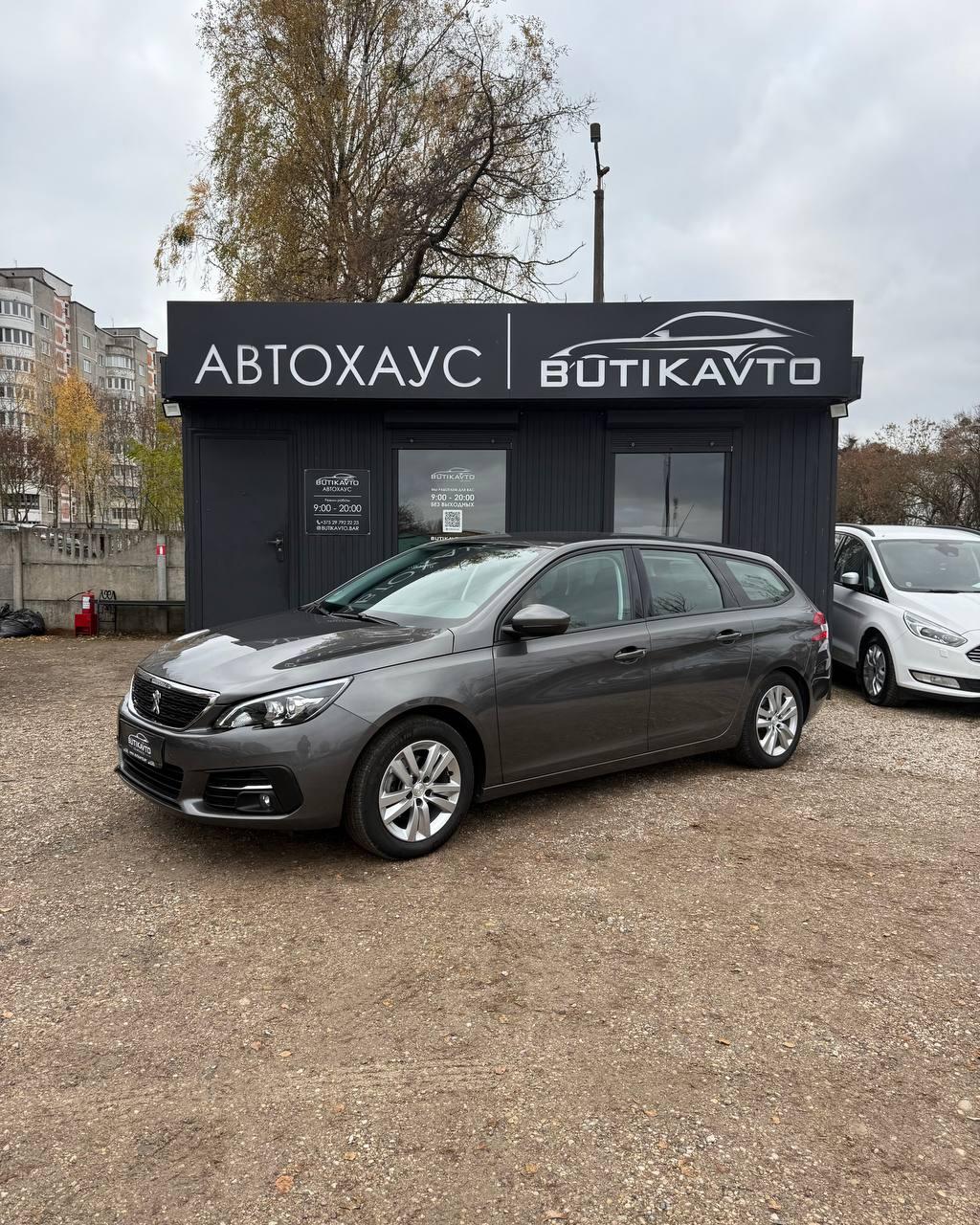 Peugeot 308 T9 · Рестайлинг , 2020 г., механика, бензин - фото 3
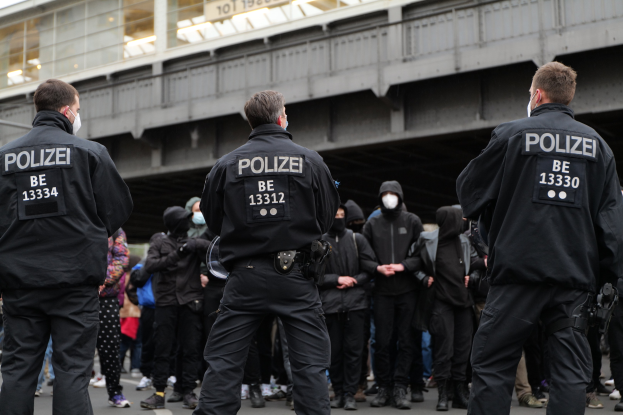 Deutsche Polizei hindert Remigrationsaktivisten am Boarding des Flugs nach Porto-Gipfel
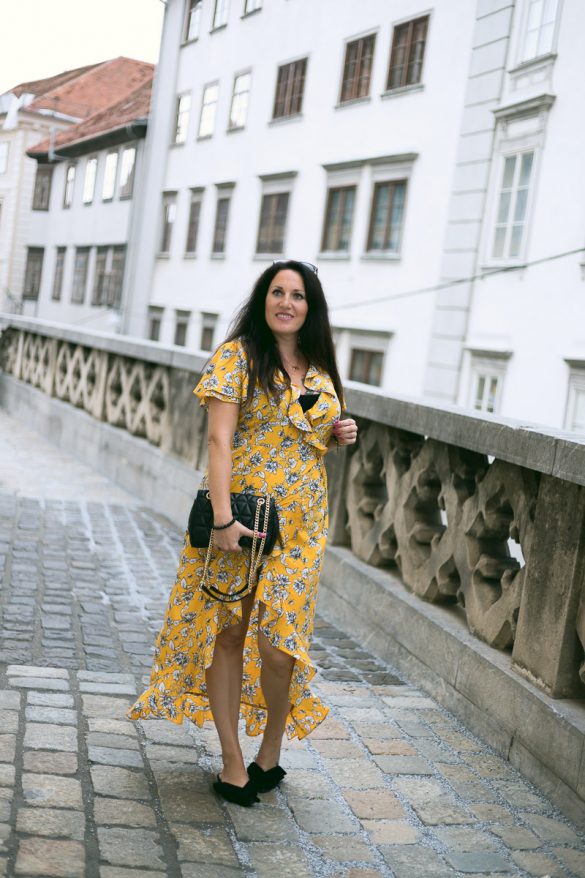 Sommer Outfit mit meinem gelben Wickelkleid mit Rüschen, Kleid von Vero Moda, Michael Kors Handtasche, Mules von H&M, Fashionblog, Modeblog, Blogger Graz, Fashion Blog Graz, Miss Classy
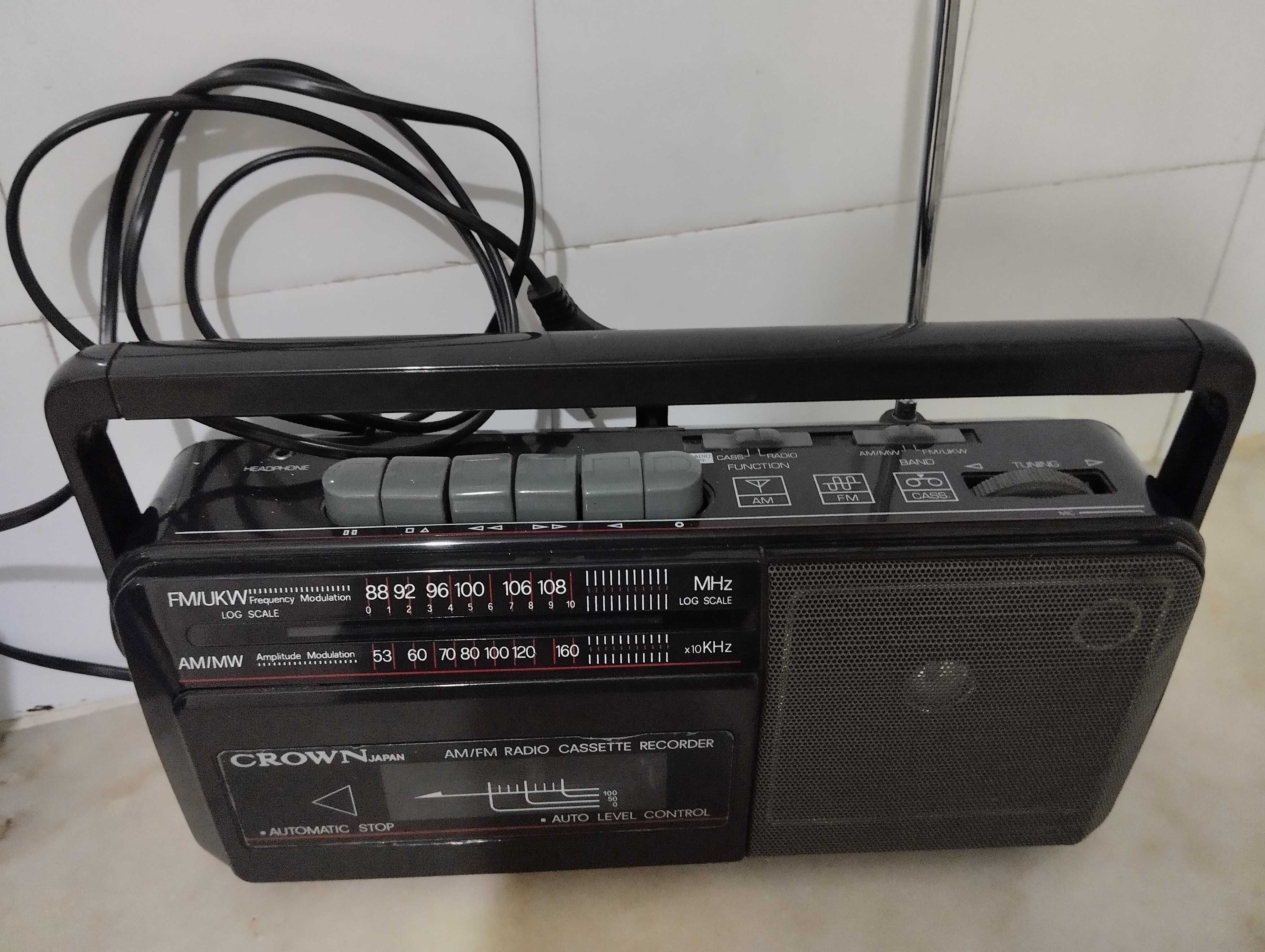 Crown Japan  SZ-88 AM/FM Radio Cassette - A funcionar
··········
§ **WHAT TO PRODUCE**:
Your copy should hold exactly the lines from the one that contains "Sommer Outfit mit" through the final line of the data, both ends included, and no pictures.

§ **EXERCISE OUTPUT**:
 Sommer Outfit mit meinem gelben Wickelkleid mit Rüschen, Kleid von Vero Moda, Michael Kors Handtasche, Mules von H&M, Fashionblog, Modeblog, Blogger Graz, Fashion Blog Graz, Miss Classy
 Crown Japan  SZ-88 AM/FM Radio Cassette - A funcionar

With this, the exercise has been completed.